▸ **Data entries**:
══════════════════════════════

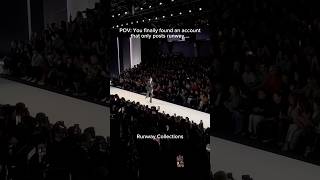 Vittoria killing Dolce Gabbana Fashion Show fashion runway model catwalk [upl. by Rimidalb]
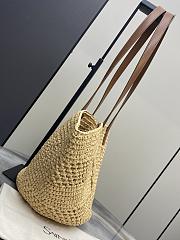 Kitlife Saint Laurent Panier Small In Raffia Bag 868565 22-44x22x22cm - 2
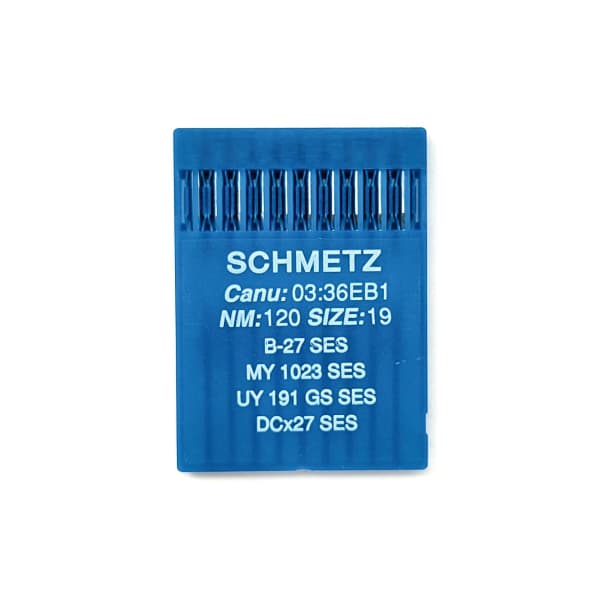 Иглы Schmetz DCx27 SES 120/19 для промышленных машин undefined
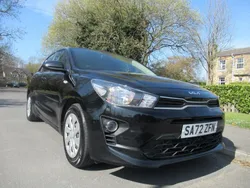 Black Used 2022 Kia Rio 2 Hatchback | £6,295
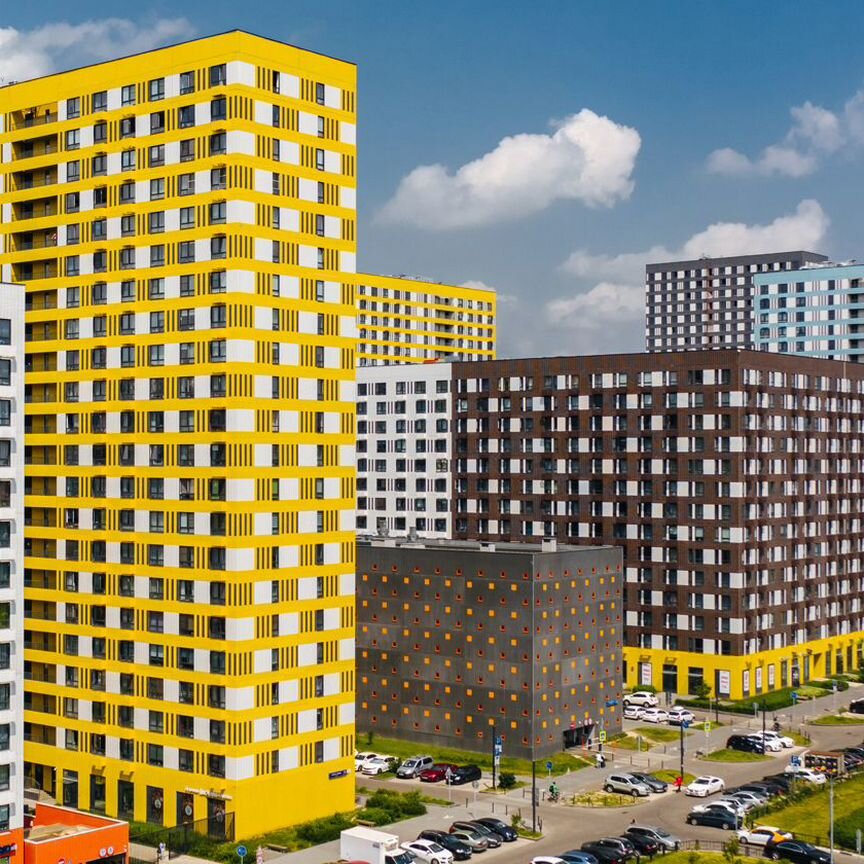 2-к. квартира, 49,7 м², 18/25 эт.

══════════════════════════════

▸ **TASK BRIEF**: Print, please, exactly the lines from the one holding "Иглы Schmetz DCx27" through the final line of the data, both included, while leaving out each picture.

▸ **WRITTEN SOLUTION**:
 Иглы Schmetz DCx27 SES 120/19 для промышленных машин undefined
 Black Used 2022 Kia Rio 2 Hatchback | £6,295
 2-к. квартира, 49,7 м², 18/25 эт.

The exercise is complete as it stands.